Idą mrozy. Czy osłona na szybę ma sens czy to zbędny gadżet?
Do Polski nadciąga fala przymrozków, a to z kolei zwiastuje nieuchronne nadejście zimy. Dla kierowców oznacza to jedno - zbliżającą się konieczność uciążliwego skrobania zamarzniętych szyb w samochodach. Na szczęście istnieje pewna metoda pozwalająca uniknąć nam tej wątpliwie przyjemnej czynności.
Mroźna pogoda i nadejście zimy oznacza dla wielu kierowców dodatkowe problemy w codziennym użytkowaniu pojazdów. Wie o tym każdy, kto o porannej porze zastał samochód skuty lodem. Na szczęście nie zawsze jesteśmy zmuszeni do mozolnego i uciążliwego skrobania szyb. Rozwiązaniem, które potrafi ułatwić życie podczas porannego rozruchu samochodu, jest osłona na szybę. Dokładnie taka sama, jaką stosuje w lecie w celu uniknięcia nagrzania deski rozdzielczej.
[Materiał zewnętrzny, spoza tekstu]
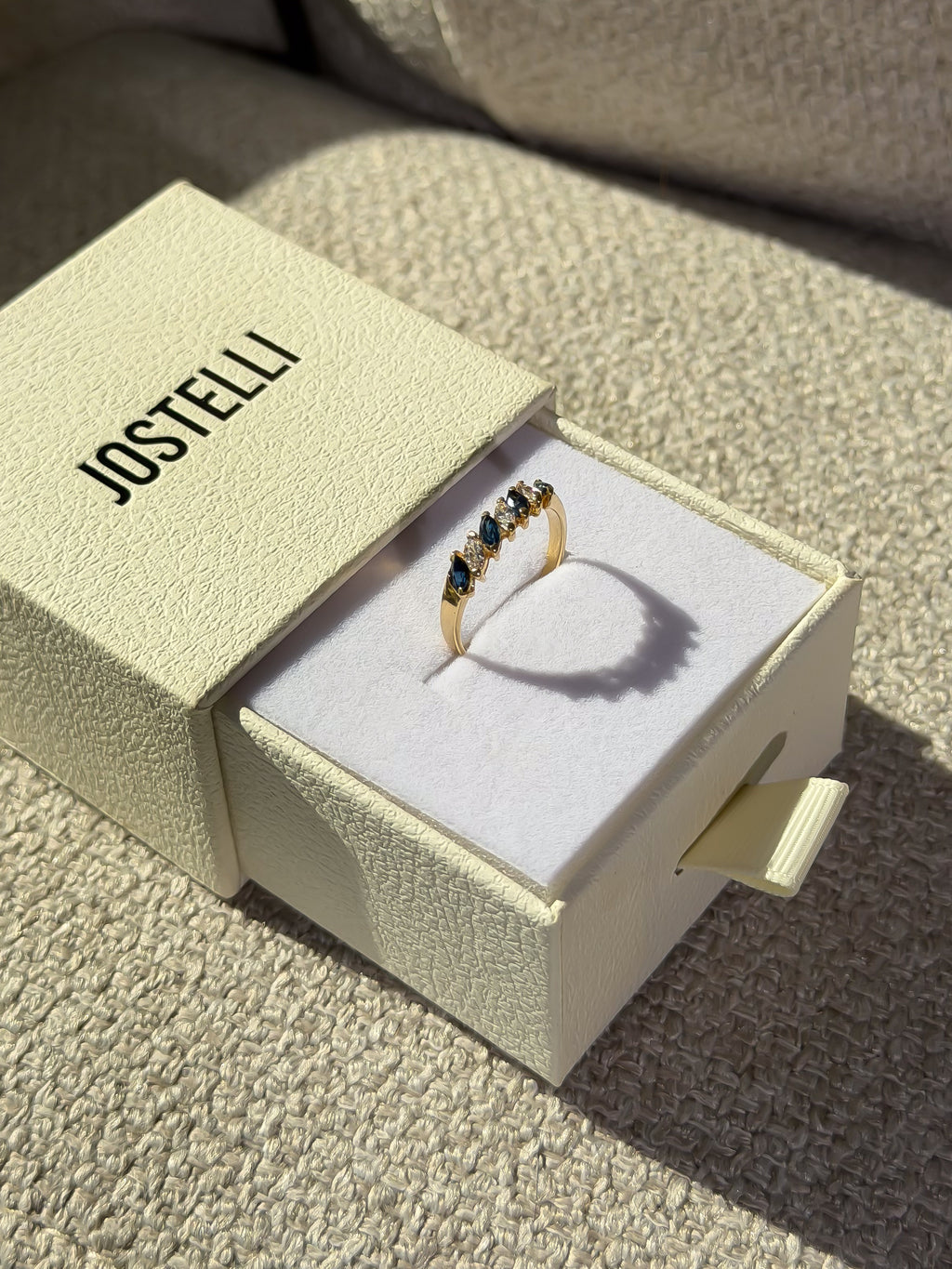 4 Natural Sapphire and 3 Natural Diamond Solid Gold Ring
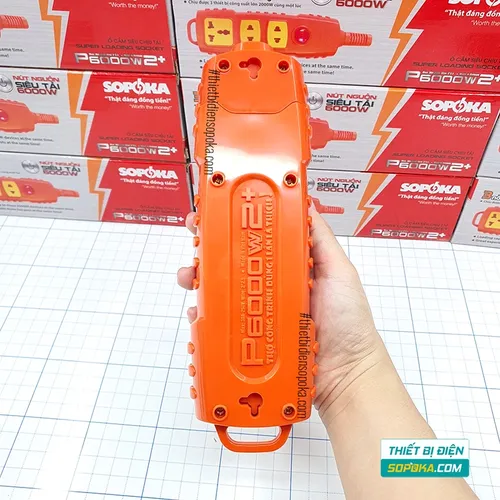 Ổ Cắm Điện 3 Lỗ 6000W Không Dây Nút Nguồn P6000W2+ SOPOKA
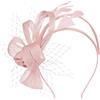 Orgoue Fascinator, fascinator con fiori e piume, da donna, per derby, cocktail, matrimoni, feste in maschera, Rosa, taglia unica
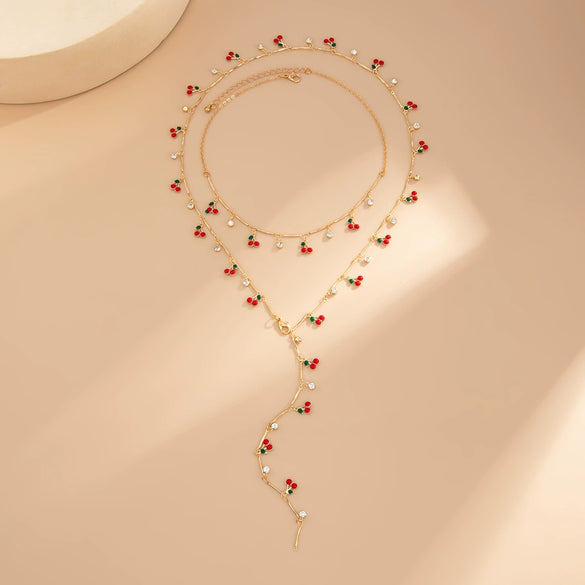 Jewelry Alloy Pendant Copper Chain Fruit Pattern Electroplated Cherry Yshaped Clavicle Necklace For Women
Bez wątpienia osłona na szybę to rozwiązanie, którego nie powinno zabraknąć w żadnym samochodzie. Stosunkowo niewielki fragment materiału sprawdza się bowiem równie dobrze w lecie, co w zimie. Podczas upałów potrafi ochronić deskę rozdzielczą i wnętrze samochodu przed nadmiernym rozgrzaniem, a zimą pozwoli zapobiec osadzaniu się szronu oraz śniegu. Dzięki temu na szybie nie pojawi się warstwa lodu i nie trzeba będzie jej skrobać. Rozwiązanie zapobiega także przymarzaniu wycieraczek, których próba oderwania od zamarzniętej szyby z reguły kończy się uszkodzeniem elementów gumowych.
Osłony samochodowe dzielą się najczęściej na dwa warianty - maty aluminiowe wyposażone w specjalną warstwę odbijającą promienie UV oraz tzw. osłony antyszronowe wykonane z odpornej na wilgoć tkaniny polipropylenowej (tzw. wigofilu). Niezależnie od tego, na którą z osłon się zdecydujemy jedno jest pewne - to bez wątpienia jedna z najtańszych i najlepszych metod osłony szyby przed lodem.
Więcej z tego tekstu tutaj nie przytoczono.